We intend to further build upon these existing tools to construct a scientist-friendly data resource and analytical ecosystem based on Findable, Accessible, Interoperable, and Reusable (FAIR) SC principles to facilitate SC-level genomic analysis through data ingestion, storage, retrieval, re-use, visualization, and comparative annotation across agricultural species.
农业基因组学界有众多可用的数据提交标准,但用于描述和存储单细胞(SC,例如scRNA-seq)数据的标准相对不够完善。
为了弥合这一差距,我们利用了人类基因组学基础设施的最新进展,例如将人类细胞图谱数据门户与Terra集成,Terra是一个安全、可扩展的开源平台,供生物医学研究人员访问数据、运行分析工具并进行协作。与此同时,欧洲生物信息学研究所(EMBL-EBI)的单细胞表达图谱为高通量测序数据集提供了一个全面的数据摄入门户,包括植物、原生生物和动物(包括人类)。开发连接这些资源的数据工具将为农业基因组学界带来显著优势。EMBL-EBI的FAANG数据门户强调提供丰富的元数据以及对养殖动物的高度准确和可靠的注释,但在计算上与这两种资源均无关联。

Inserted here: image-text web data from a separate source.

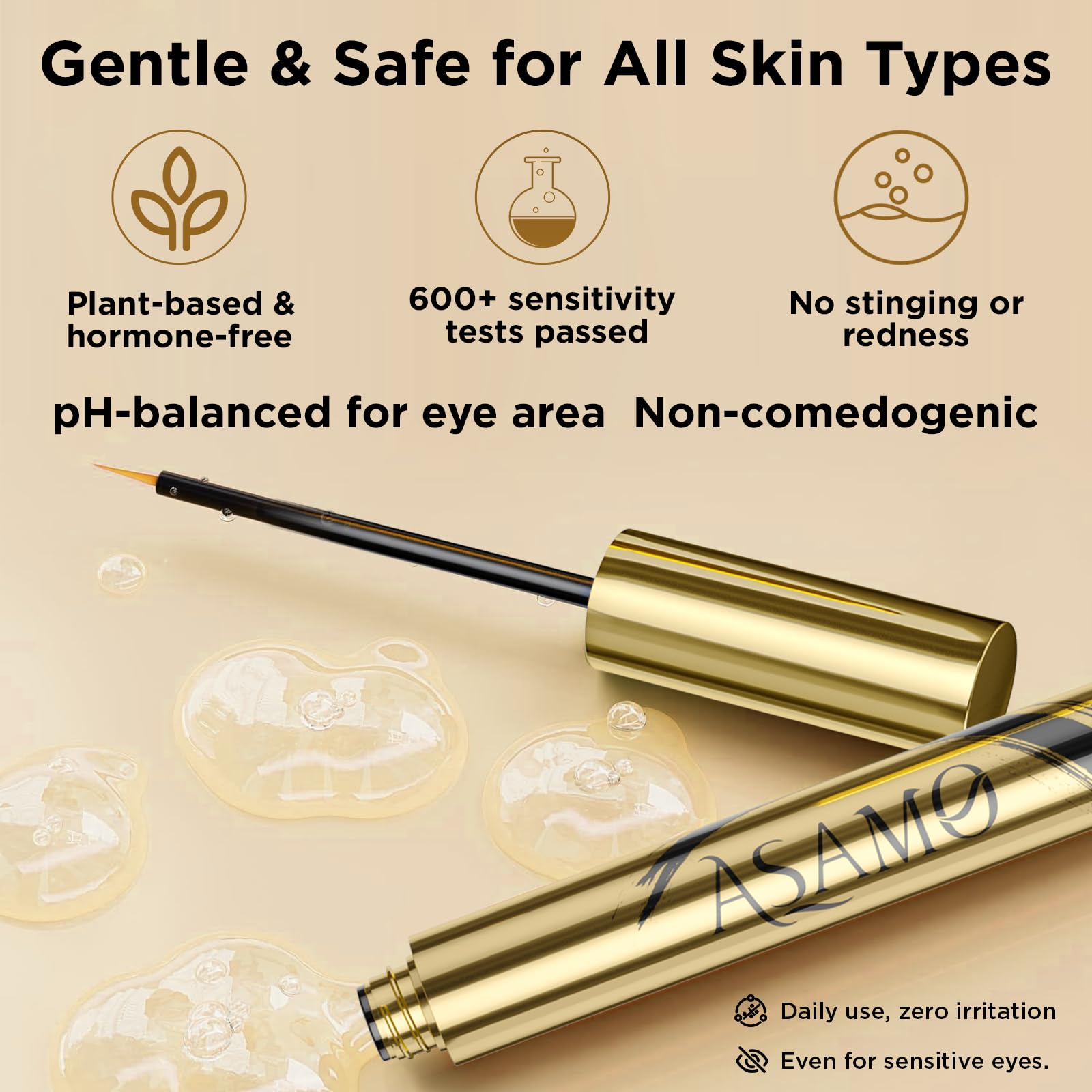 ASAMO Pure Gold close-up shows careful brow application for definition.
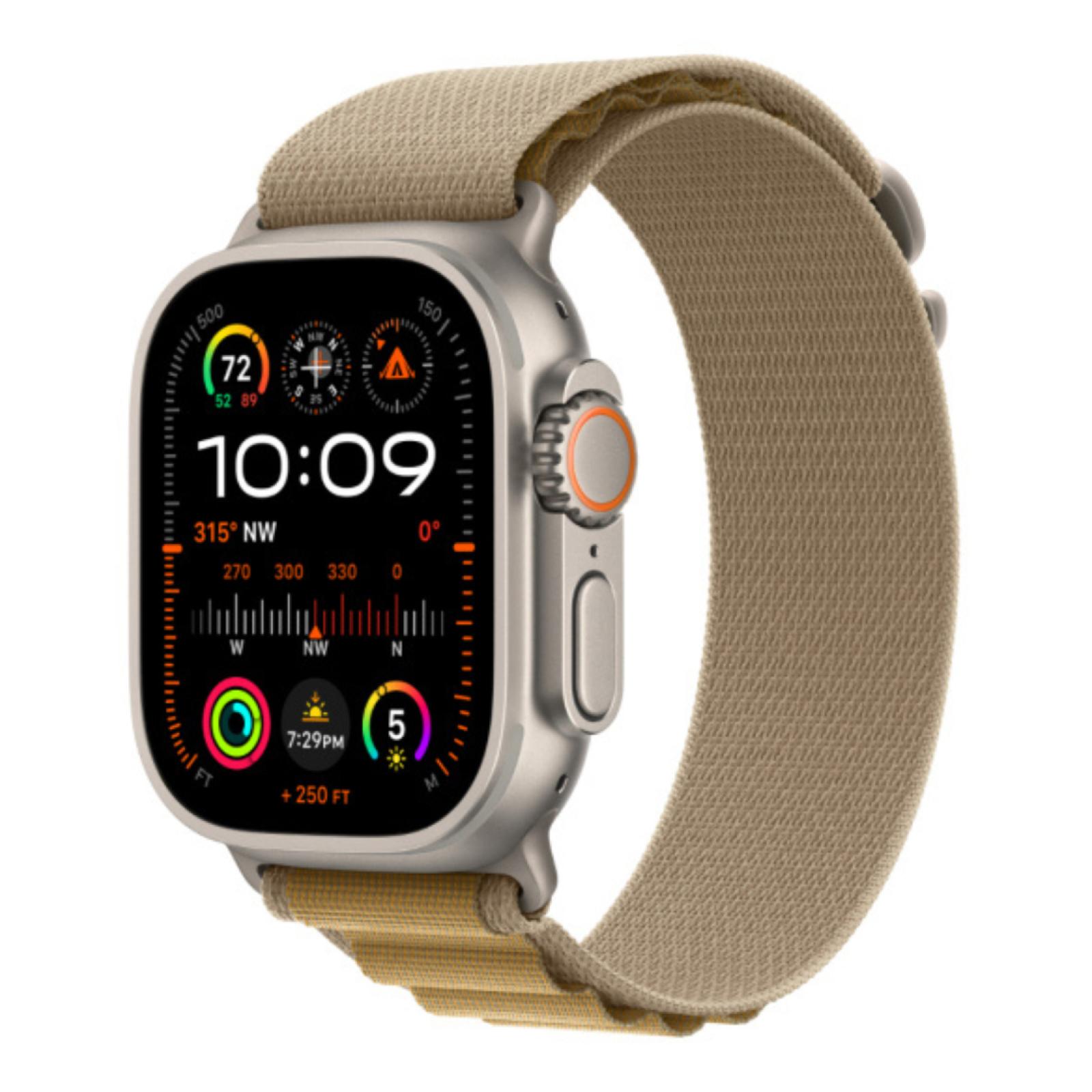 Apple Watch Ultra 2 GPS + Cellular 49mm Natural Titanium Case with Tan Alpine Loop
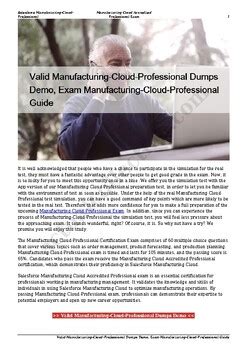 Manufacturing-Cloud-Professional Dumps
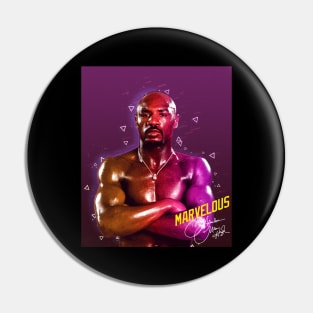 Marvelous Marvin Hagler Boxing Legend Signature Vintage Retro 80s 90s Bootleg Rap Style Pin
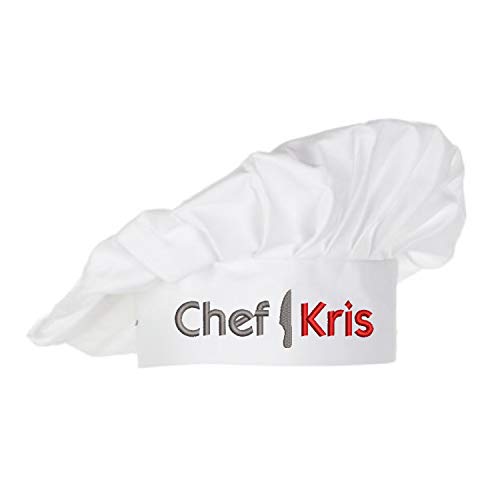 Image of a personalized chef's toque with Chef Kris embroidered on it.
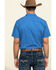 Image #2 - Gibson Men's Combover Geo Print Short Sleeve Western Shirt , Royal Blue, hi-res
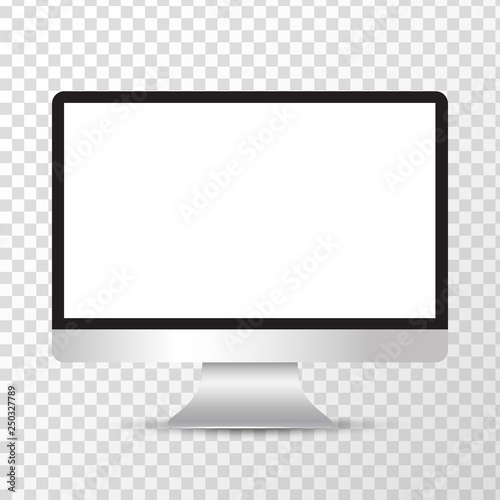 Realistic computer or Pc monitor isolated on transparent background. Vector mockup.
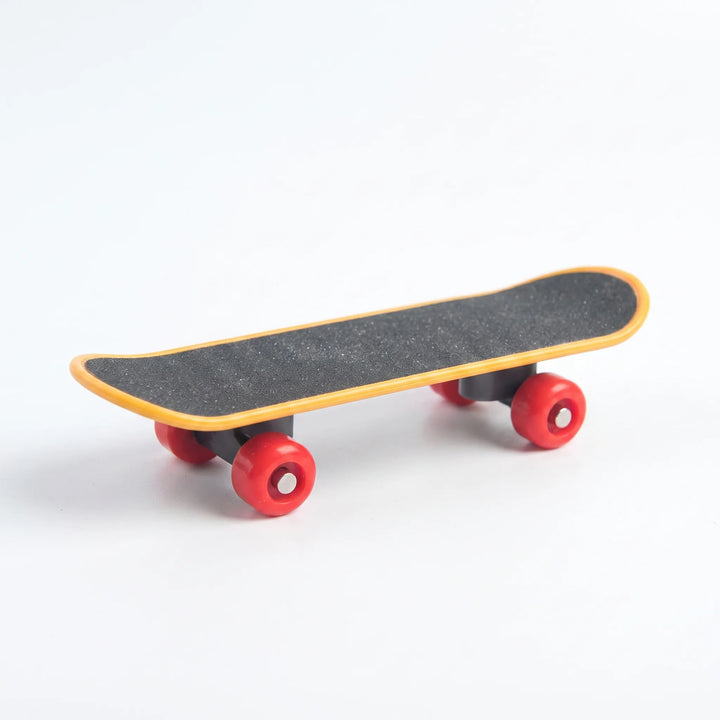 Mini yellow and black skateboard toy for birds with red wheels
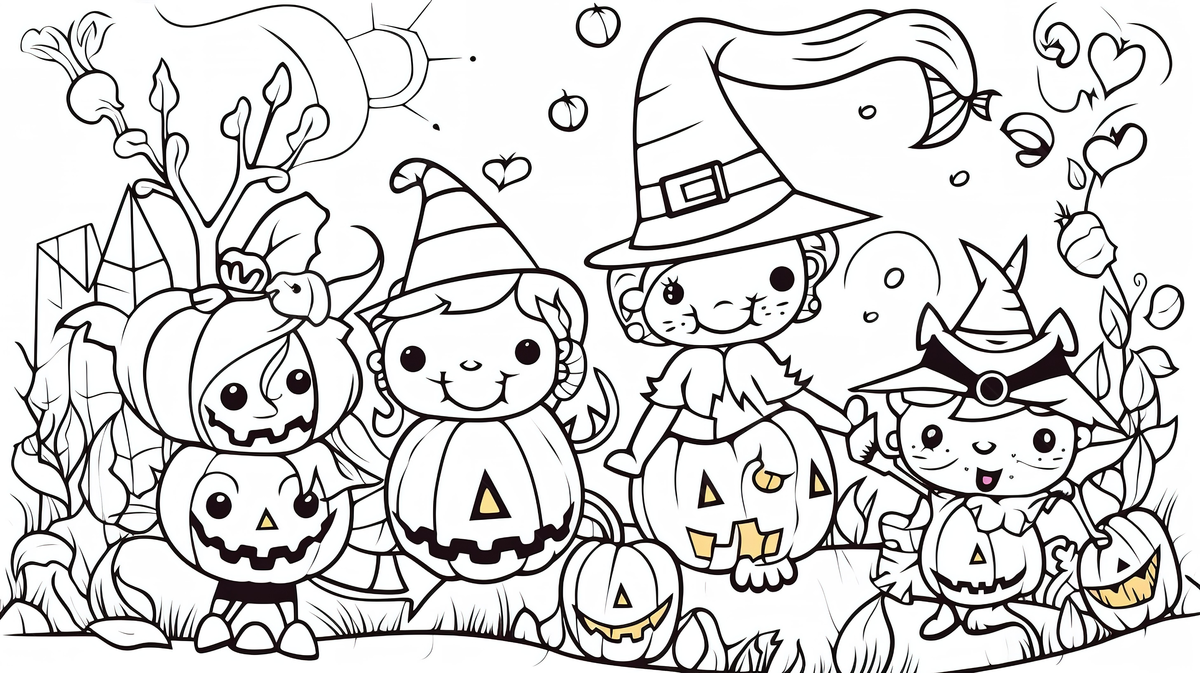 Fundo pãgina para colorir halloween dois personagens de desenho animado fundo imagens de halloween para colorir powerpoint do dia das bruxas fundo de dia das bruxas imagem de plano de fundo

在此,我们描述了一个试点规模的项目,该项目确定当前FAANG针对家畜的元数据标准是否可用于以与人类细胞图谱数据门户标准一致的方式将scRNA-seq数据集摄入Terra。重要的是,现在可以通过FAANG数据门户使用半自动流程来处理丰富的scRNA-seq元数据,从而避免了大量专家编目的需求。我们进一步扩展了该工具的功能,以便将人类细胞图谱数据门户内经过验证和摄入的SC文件传输到Terra进行进一步分析。此外,我们验证了数据摄入到托管在Azure上的Terra中,并展示了使用工作流程来分析第一个摄入的猪scRNA-seq数据集。此外,我们还开发了原型工具,以在基因组浏览器上可视化scRNA-seq分析的输出,从而比较不同组织和细胞群体之间的基因表达模式。这个JBrowse工具现在具有不同的轨道,展示了PBMC scRNA-seq以及两个批量RNA-seq实验。
我们打算在这些现有工具的基础上进一步构建一个基于可查找、可访问、可互操作和可重用(FAIR)的单细胞原则的科学家友好型数据资源和分析生态系统,以通过跨农业物种的数据摄入、存储、检索、再利用、可视化和比较注释来促进单细胞水平的基因组分析。